Colombian national killed by ICE agent during operation in Maine
An ICE agent has fatally shot a Colombian national during an immigration enforcement operation in the US state of Maine, a week after the agency used deadly force against another migrant in a Texas traffic stop.
In the latest incident, Immigration and Customs Enforcement (ICE) said agents were watching an address for a person with a final order of removal in Biddeford at around 07:00 EDT (11:00 GMT) on Monday.
When ICE tried to stop someone driving from that address, “the vehicle attempted to flee the scene and, fearing for public safety, an officer discharged his weapon”, ICE said, adding “the driver of the vehicle was struck”.
Dozens of demonstrators gathered in Biddeford afterwards.
ICE did not share details on why the officer feared for safety.
Maine’s top prosecutor said the incident involved an officer from ICE’s Enforcement Removal Operations department, and the agent has been placed on leave pending an investigation.
Initial statements indicate “the subject attempted to flee in a vehicle in the direction of the officer and was fatally shot”, said Maine’s Attorney General Aaron Frey, a Democrat.
The name of the deceased man is not being released until he is formally identified and his family are notified, the statement added.
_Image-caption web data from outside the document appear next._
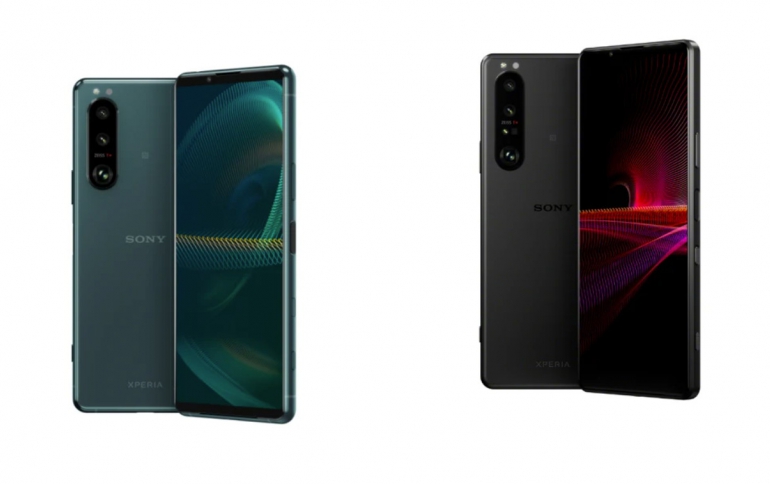 New Sony’s Xperia 1 III and Xperia 5 III pack in specialty photographic features and introduce the world's first Variable smartphone telephoto lens paired with a Dual-PD sensor and 4K HDR OLED 120Hz Refresh rate display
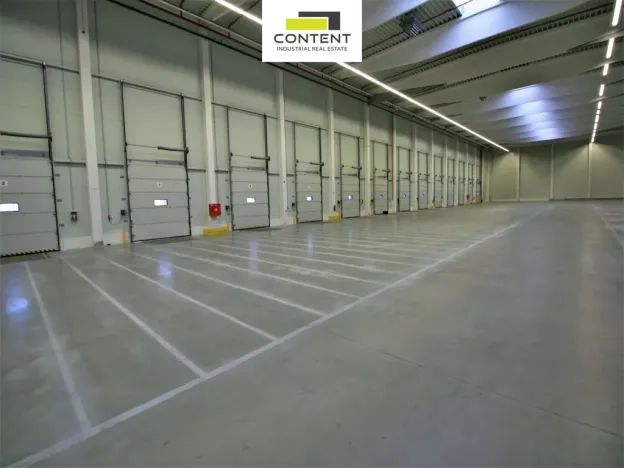 Pronájem skladu, Ledce, 11800 m2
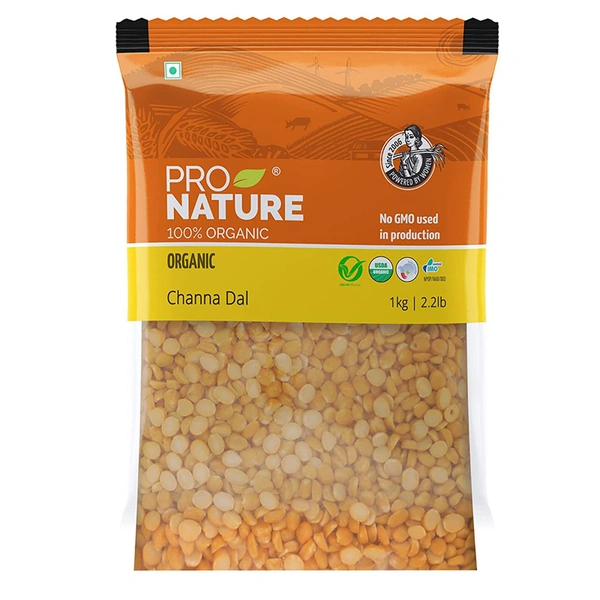 Pro Nature Chana Dal 1 kg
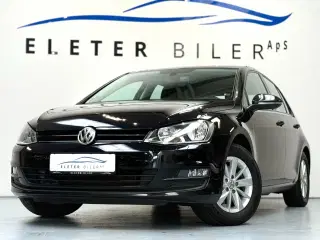 VW Golf VII 1,4 TSi 122 Comfortline BMT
Although investigators have not named him, his neighbours have identified him in US media as Joan Sebastian Guerrero.
Congresswoman Chellie Pingree, who represents the region in the House of Representatives, also identified the man as Guerrero and added that she has a three-year-old daughter who “will never see her dad again”.
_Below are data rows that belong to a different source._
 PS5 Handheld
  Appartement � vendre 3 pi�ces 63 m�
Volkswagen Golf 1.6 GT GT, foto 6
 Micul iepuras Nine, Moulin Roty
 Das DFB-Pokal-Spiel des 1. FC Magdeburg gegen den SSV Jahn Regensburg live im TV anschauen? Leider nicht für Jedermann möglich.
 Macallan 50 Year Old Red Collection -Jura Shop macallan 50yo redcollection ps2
The inspector general’s office for the Department of Homeland Security (DHS), which oversees ICE, is taking over the investigation, according to Senator Susan Collins, a Republican representing Maine.
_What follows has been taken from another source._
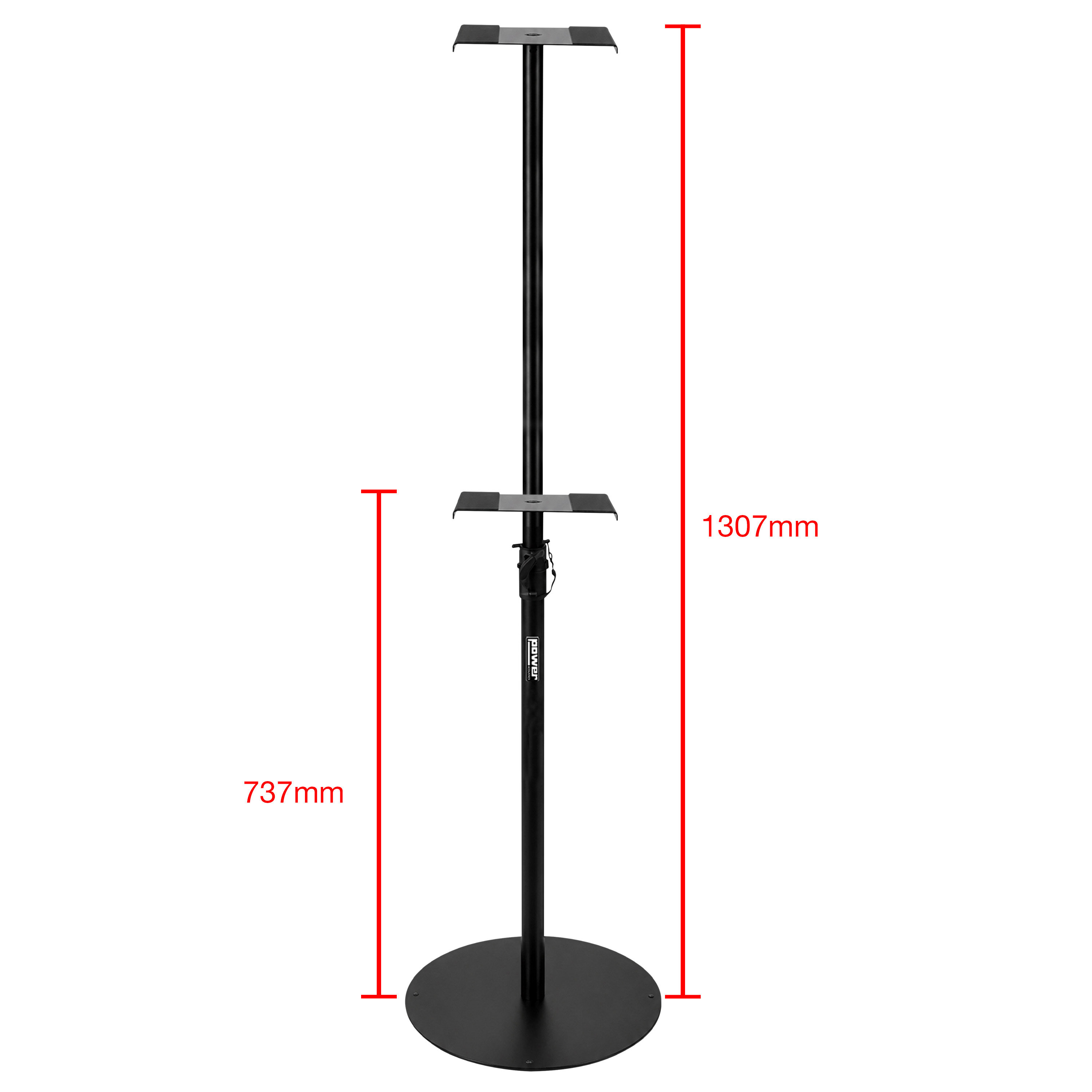 Power Acoustics LuxyStand SM25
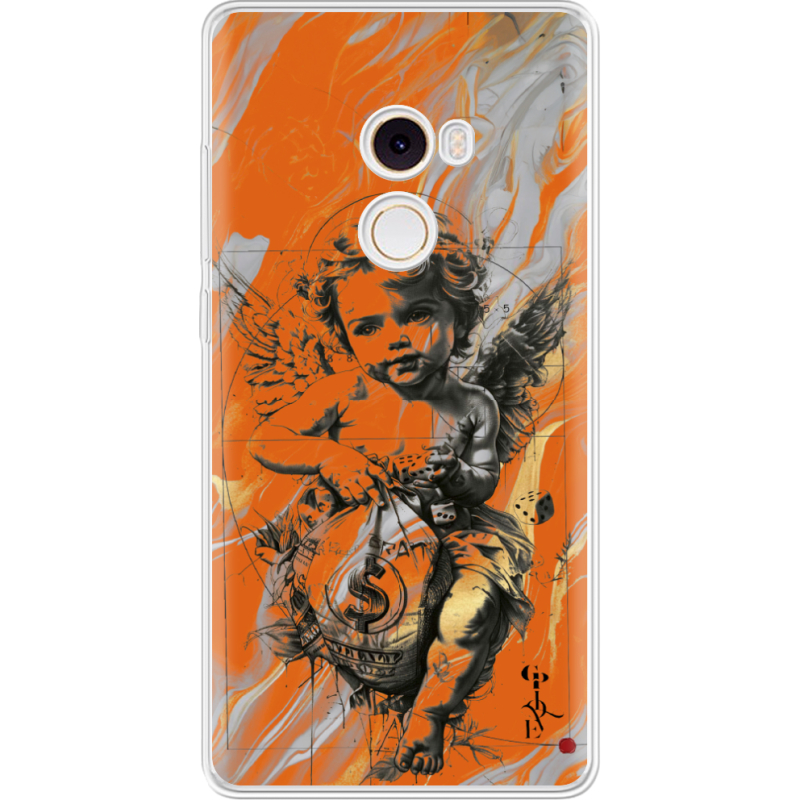 Чехол Uprint Xiaomi Mi Mix 2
Fellow Maine Senator Angus King, a political independent, said he was initially told by DHS chief Markwayne Mullin that the person who was shot dead was a target of an arrest warrant in an immigration operation.
But hours later, King said Mullin called him to say the man was actually not the target of a warrant, his office told the BBC.
Maine Governor Janet Mills said the death of a man the government was not even looking for “makes this tragedy even more disturbing and infuriating”.
“It underscores the reckless and haphazard manner in which immigration enforcement operations are being conducted in Maine and across the country,” she wrote on X.